I’ve now had a proper play with Opera Mini on the iPhone and I don’t think it’s as good as anyone was expecting. Some of the problems are faults with Opera itself, other problems are presumably due to limitations of the iPhone. Overall it’s unlikely to pull people away from Safari.

Firstly, a correction. I said earlier that you can’t double-tap to zoom out after you’ve zoomed in. Actually you can do this, but it only works some of the time. In a way, the randomness is worse than if double-tapping didn’t work at all, because you’ll try it and sometimes it will work and sometimes it won’t, which is frustrating and makes Opera seem buggy and inconsistent.

Here are the major hurdles I’ve hit so far…
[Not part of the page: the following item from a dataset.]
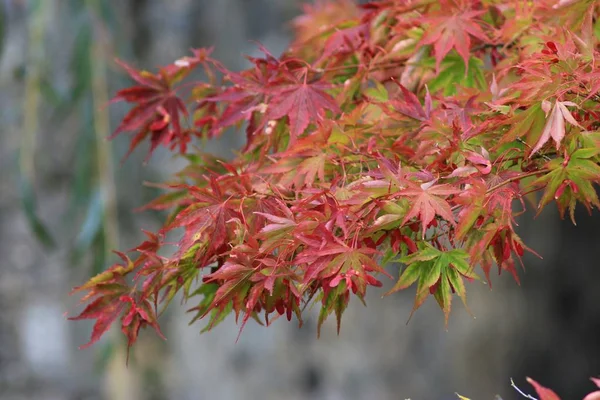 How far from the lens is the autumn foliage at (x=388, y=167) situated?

Zooming in is too limited. For example, I like the Very Demotivational blog which I usually read on my phone when I’m at a loose end for a few minutes. You need to be able to zoom in to read the captions, but with Opera this is as far as you can zoom:

Opera in App Store 9

Now that doesn’t look too bad in a screenshot, viewed on a computer screen, but when you’re looking at it on a 3.5-inch phone screen it’s difficult to read the smaller caption. For comparison, I usually keep up to date with Very Demotivational in an RSS reader, which can zoom in just fine:

Opera in App Store 8

Tabbed browsing is a big disappointment. I like the way that Opera shows thumbnails along the bottom of the screen, which you can show or hide with one click. But rather than showing them in a row that you can drag left and right, it shows them overlapped so you only see the edge of each thumbnail.

Opera in App Store 10

You can see in that screenshot that I had four pages loaded in tabs.  Earlier on though, also with four pages loaded, Opera decided to clear all pages to save memory:

Opera in App Store 6

Sometimes, in Safari, I like to set three or four pages loading in separate tabs, so that by the time I start the last one loading, the first one will have finished and I can start reading it. Try doing that in Opera though and it throws a fit, with all pages grinding to a halt. Push it too far and the whole app goes wobbly, resulting in you losing access to the control bar, and you need to quit the app. Even though you can see the bottom of the controls, you can’t do anything with them:

Opera in App Store 11

Other niggles:

  • There’s no search history in the Google bar.
  • No persistence between sessions. You close Opera, open it again, and all of your web pages have closed. Would be much better to keep them open like Safari does.
  • No javascript. This is an Apple-imposed limitation, so not Opera’s fault, but still it does affect the usefulness of the browser so it must be mentioned. In theory, Opera gets around Apple’s rule by running the javascript on Opera’s own server and then streaming the result to the phone. In reality, the one bit of javascript that I tried to use — the "many more" link at the bottom of Slashdot’s front page — didn’t work.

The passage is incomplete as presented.